Tailored highly transparent porous silica coatings for enhanced optical and mechanical performance of solar covers

• Tailored durable anti-reflective coatings were designed through induced porosity using a pore-forming agent (Pluronic® P-123). • An increase of up to 5.2 % in optical transmission was achieved compared to bare glass. • Extended thermal treatments weakened the silica network, leading to reduced mechanical resistance • The silica precursor ratio was found to significantly influence coating density. • Adjusting the silica precursor and pore-forming agent concentrations affected the environmental durability of the coatings.

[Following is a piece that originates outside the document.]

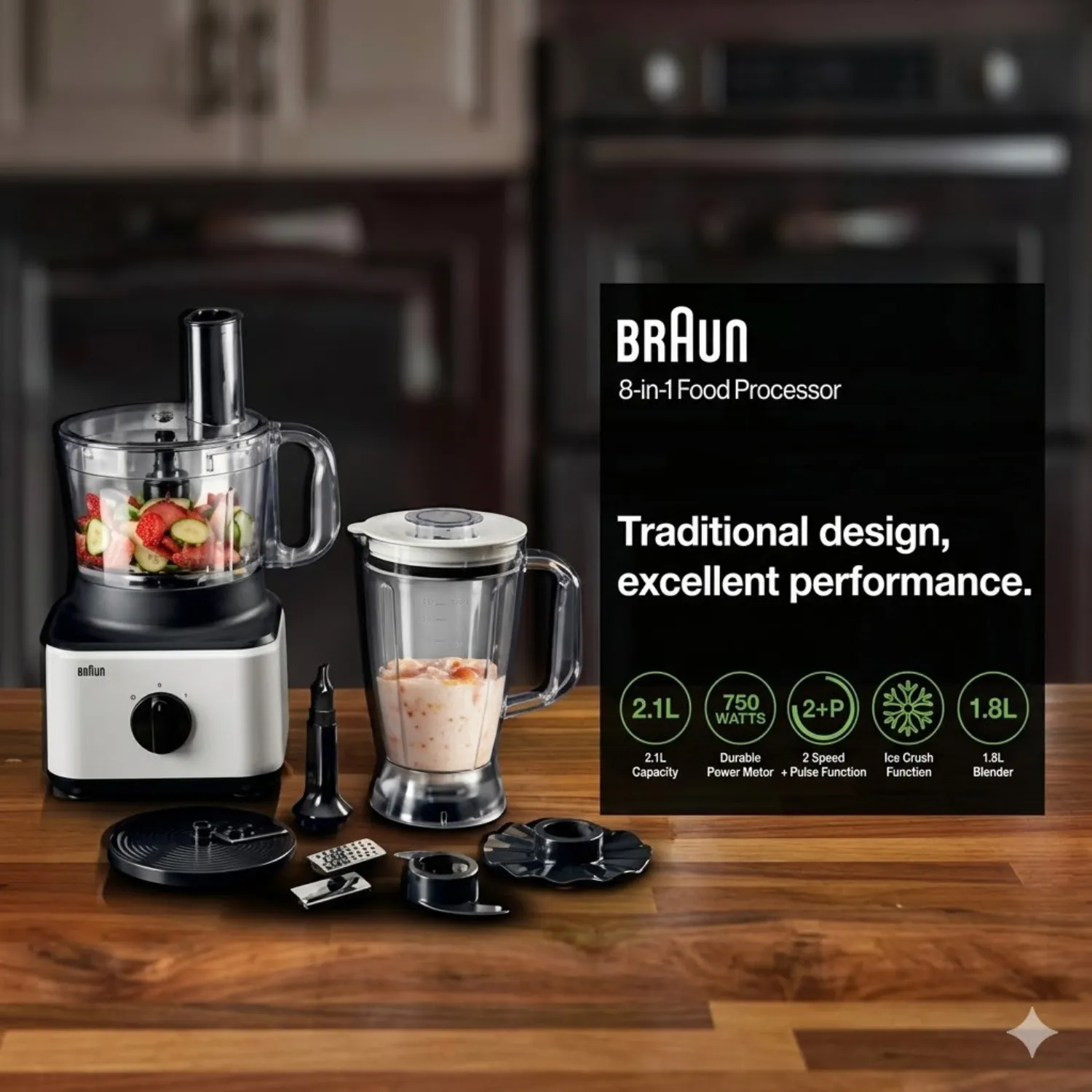 محضرة طعام براون (Braun Food Processor) موديل FP0132 بقدرة 750 واط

Sol-gel porous silica-based anti-reflective coatings (AR) represent a key solution to minimize reflectance losses and improve solar systems efficiency. However extreme climatic conditions compromise the long-term durability of the coatings. This study focuses on the impact of pore-forming agent (Pluronic® P-123) concentration, thermal treatment, and silicon precursor ratio on optical, structural, and environmental durability properties. The introduction of Pluronic® reduced the refractive index, achieving a minimum value of 1.215 at 600 nm, corresponding to a porosity of 56 %, and increased optical transparency, with transmittance reaching 99.8 % at 600 nm. However, higher porosity minimized mechanical stability, with abrasion resistance decreasing as Pluronic® concentration increased. Prolonged (1 h) thermal treatments at 500 °C led to excessive burnout of the Pluronic®, reducing mechanical resistance. Modifying the silicon precursor ratio (TEOS:MTES) impacts coating density, while both silicon precursor ratio and Pluronic® concentration influence the coatings’ environmental durability. These findings highlight the importance of achieving a balance between optical performance and mechanical/environmental durability. Optimal balanced performance was achieved with 2 % v/v Pluronic® and TEOS:MTES ratio of 70:30. By carefully controlling the formulation and processing parameters, AR coatings properties can be tailored for solar applications, ensuring high efficiency and stability under operational conditions.